Completo ricordando che Zaccheroni esordì con una sconfitta bruciante in Coppa Italia per 2-0 contro il Torino fuori casa. E già i tifosi pensavano che la stagione sarebbe stata l'ennesima deludente. Ma al ritorno ci fu la rimonta inaspettata, il Milan vinse 3-0 con Bierhoff che fece il terzo quasi al 90' e mi ricordo la sofferenza alla radio (non hanno trasmesso la partita in TV) perché l'arbitro diede almeno 7 minuti di recupero e se il Toro avesse segnato ci avrebbe eliminato (ma allo stesso tempo in quei minuti di recupero ben 3 giocatori del Toro per troppa foga si fecero espellere)


----------



## Roten1896 (13 Luglio 2015)

mistergao ha scritto:


> Ebbene, tutto si può dire di Zaccheroni tranne che sia uno che non ama sperimentare. Nell’autunno del 1998 le prova tutte per arrivare ad una quadra nel Milan: parte dalla difesa, che rivoluziona diverse volte, provando ora N’Gotty come centrale di destra, ora Ayala come perno centrale, finendo col decidere per la linea difensiva che avrebbe vinto lo scudetto, ovvero Sala – Costacurta – Maldini, che debutteranno insieme in Bari-Milan, nona gionata del campionato.
> Continua col centrocampo, dove sulla destra è confermatissimo Helveg, così come al centro Albertini, per il resto è un turbinio di giocatori, anche se al centro Ambrosiani è ormai titolare, mentre lo strazio è sulla fascia sinistra, dove Ziege, spiace dirlo, non ne azzecca una, tanto che Zaccheroni per alcune partire schiererà come centrocampista a sinistra Maldini.
> In attacco accanto a Bierhoff gireranno un po’ tutti, anche se Leonardo sarà il suo partner più assiduo, mentre Weah, anarchico come non mai, andrà incontro tutta la stagione ad alti e bassi che ne limiteranno il rendimento.
> E i risultati? Altalenanti anche loro. Sconfitta a Cagliari, nella quale si fa male Lehmann, che verrà venduto a Gennaio, spettacolare vittoria con la Roma a San Siro (a parere di chi scrive, una delle più belle partite che io abbia mai visto dal vivo), nella quale l’arbitro ci dà una mano, convalidando un gol irregolare di Ziege. Poi tre pareggi: fortunati a Piacenza e contro l’Inter (e qui si comincia a parlare di “Cul de Zac”, sostenendo che l’allenatore romagnolo ha molta fortuna e poche capacità), meno col Bari.
> ...



Il passaggio da Lehmann a Sebastiano Rossi in porta dà una decisa sterzata. Rossi para un rigore al Cagliari e uno alla Roma (dire che l'arbitro ci diede una mano in quella partita lo trovo un po' esagerato visto che ci annullò un gol e ci diede un rigore contro). 
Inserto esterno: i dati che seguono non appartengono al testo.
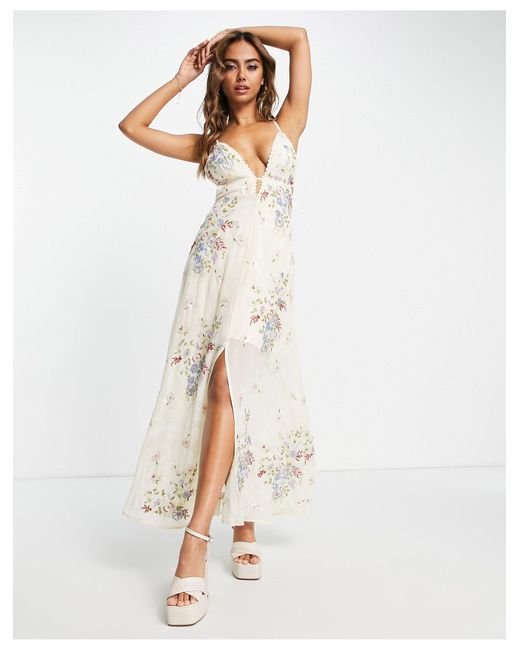 Miss Selfridge White Premium Embellished Floral Maxi Dress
L'infortunio di Del Piero alla Juventus risulta decisivo per il crollo dei bianconeri. Nel momento in cui si fa male il numero 10, la Vecchia Signora viaggiava in testa alla classifica e invece deve lasciare strada alla Fiorentina.
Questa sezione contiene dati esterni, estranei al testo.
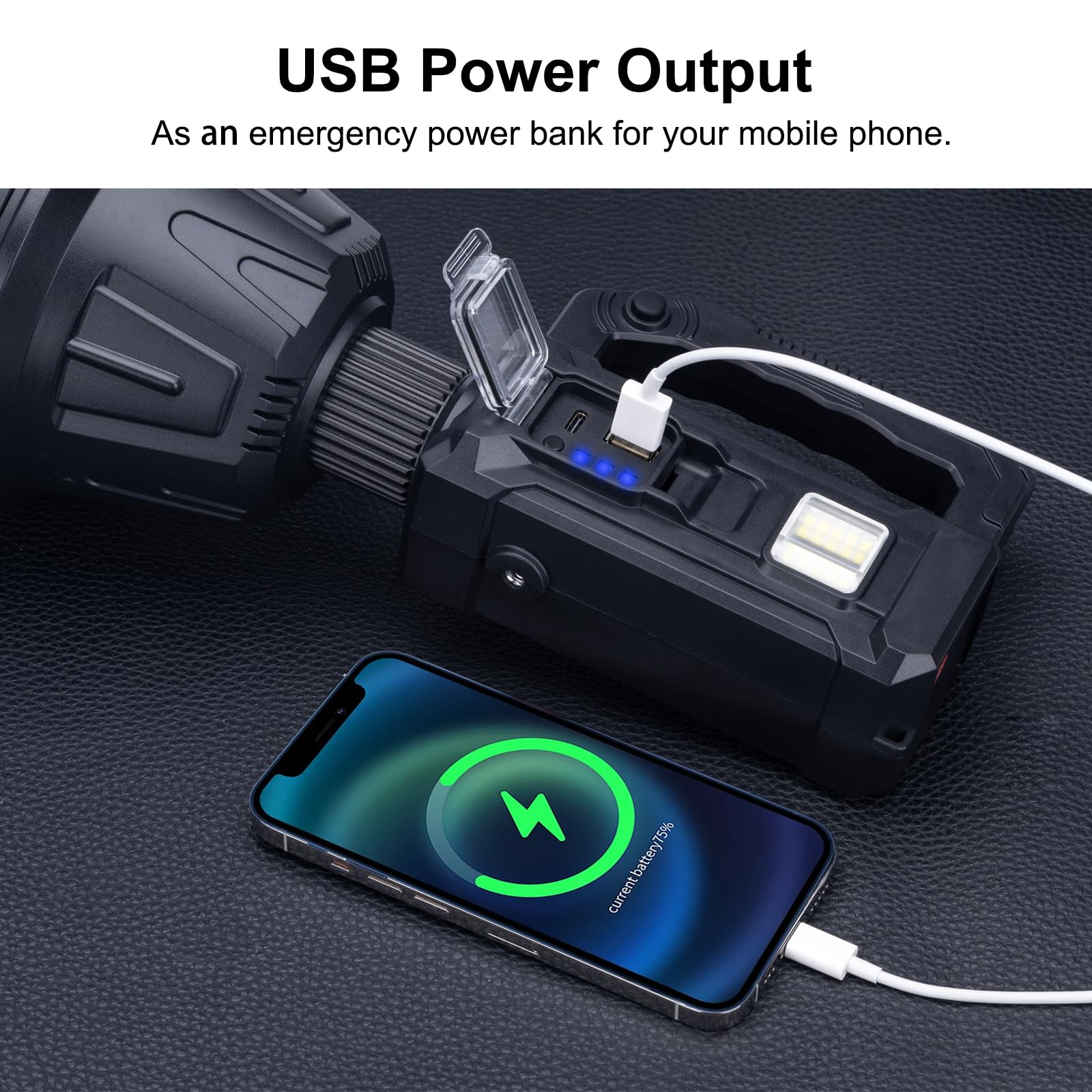 Ewenele Rechargeable Handheld Spotlight, 2000000L LED, 6 Modes, 3 Color Lenses, USB C, Waterproof, Model E01, XL with 3 L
Il problema iniziale della Lazio (attenzione che si scrive *Eriksson*) era dovuto a troppi galli nello stesso pollaio, non era facile amalgamare la squadra, ma dopo la sconfitta contro di noi invertirono la rotta infilando ben 9 vittorie consecutive.
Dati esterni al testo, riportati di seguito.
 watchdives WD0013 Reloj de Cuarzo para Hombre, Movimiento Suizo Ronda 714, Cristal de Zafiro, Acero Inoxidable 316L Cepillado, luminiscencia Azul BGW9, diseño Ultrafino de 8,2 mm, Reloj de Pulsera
Da segnalare l'importanza che piano piano va assumendo Maurizio Ganz. Lui trova la rete dell'1-1 a Piacenza a tempo scaduto (ricordo quel pomeriggio del primo novembre 1998, come fosse ieri, già ero incavolato nero perché la Ferrari perse il mondiale a vantaggio di Hakkinen la mattina stessa e il Milan al 90' stava perdendo a Piacenza) e ancora lui la settimana successiva rimette in piedi il derby procurandosi il rigore del 2-2 subentrando a Morfeo (pensate un po' voi che giocavamo con Morfeo titolare nel derby!!)
Bellissima la partita contro la Lazio, anche quello un posticipo che ho seguito alla radio, dopo quella partita non so perché ma iniziavo a sentire che il Milan potesse vincere lo scudetto... 
certo fu ancora più epico il posticipo dell'anno seguente all'Olimpico quando tra Lazio e Milan finì 4-4, ma questa è un'altra storia...


----------



## James Watson (14 Luglio 2015)

Schism75 ha scritto:


> e giocare con *De Ascentis* e Gattuso centrali di centrocampo



Avevo completamente rimosso la sua esistenza..


----------



## mistergao (14 Luglio 2015)

Roten1896 ha scritto:


> Il passaggio da Lehmann a Sebastiano Rossi in porta dà una decisa sterzata. Rossi para un rigore al Cagliari e uno alla Roma (dire che l'arbitro ci diede una mano in quella partita lo trovo un po' esagerato visto che ci annullò un gol e ci diede un rigore contro).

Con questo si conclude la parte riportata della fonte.